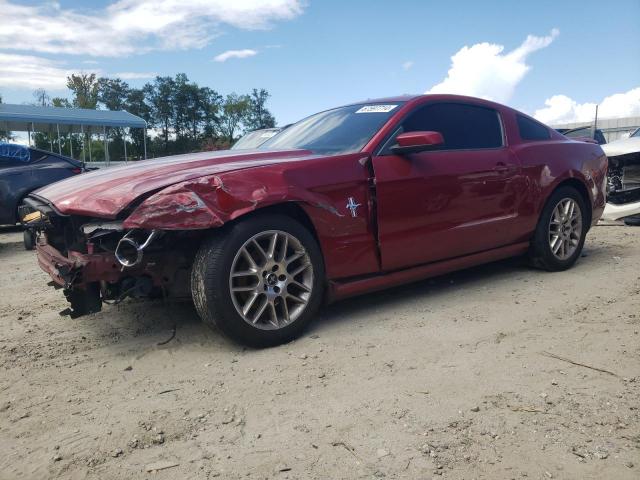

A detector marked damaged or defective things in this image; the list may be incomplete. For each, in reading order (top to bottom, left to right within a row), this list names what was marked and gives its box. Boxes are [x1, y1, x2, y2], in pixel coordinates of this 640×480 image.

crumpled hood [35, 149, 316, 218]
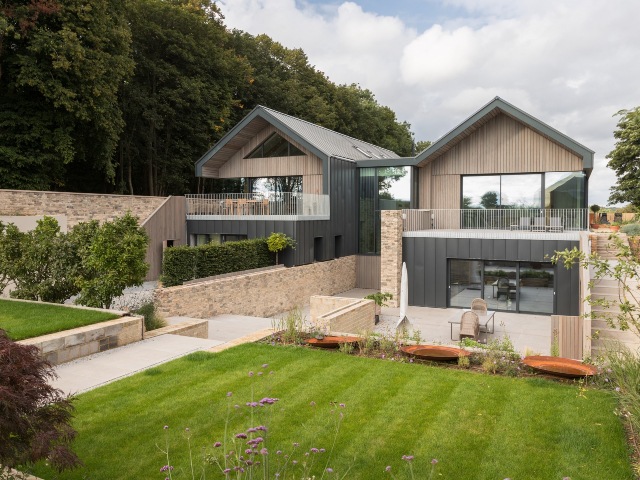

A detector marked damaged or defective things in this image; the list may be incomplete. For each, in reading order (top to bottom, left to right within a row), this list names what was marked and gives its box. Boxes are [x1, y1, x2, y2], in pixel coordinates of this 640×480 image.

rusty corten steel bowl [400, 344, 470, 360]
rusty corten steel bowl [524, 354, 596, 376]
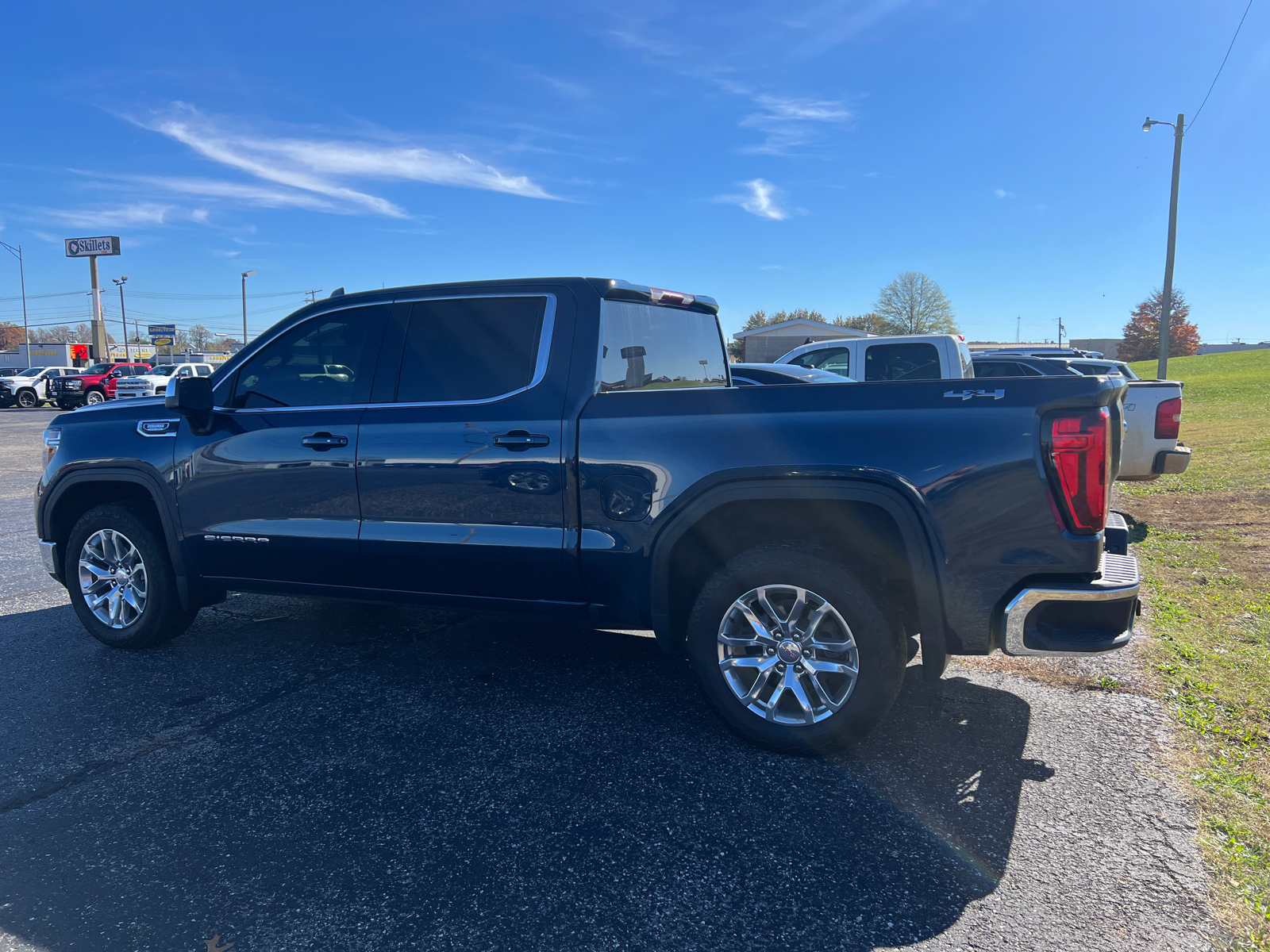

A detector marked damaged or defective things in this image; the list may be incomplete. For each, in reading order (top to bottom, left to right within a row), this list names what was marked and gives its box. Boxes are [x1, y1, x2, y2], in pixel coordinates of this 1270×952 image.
_ _ _ _ _
| TO DO |
Output the lines above verbatim, images excluded.

| REPLY |
A detector marked damaged or defective things in this image; the list may be incomplete. For each, in reading order (top to bottom, left to right within a row), this list names what was marked and gives its box. Boxes are [x1, y1, x2, y2], in pixel coordinates of this 640×480 image.

crumpled hood [35, 149, 316, 218]

A detector marked damaged or defective things in this image; the list may be incomplete. For each, in reading order (top to bottom, left to right within a row), this list names what was marked and gives its box. Boxes are [x1, y1, x2, y2], in pixel coordinates of this 640×480 image.

rusty corten steel bowl [400, 344, 470, 360]
rusty corten steel bowl [524, 354, 596, 376]

A detector marked damaged or defective things in this image; the list may be incomplete. For each, in reading order (top to bottom, left to right within a row), this list names what was marked and gives its box. Boxes are [x1, y1, x2, y2], in pixel coordinates of this 1270×952 image.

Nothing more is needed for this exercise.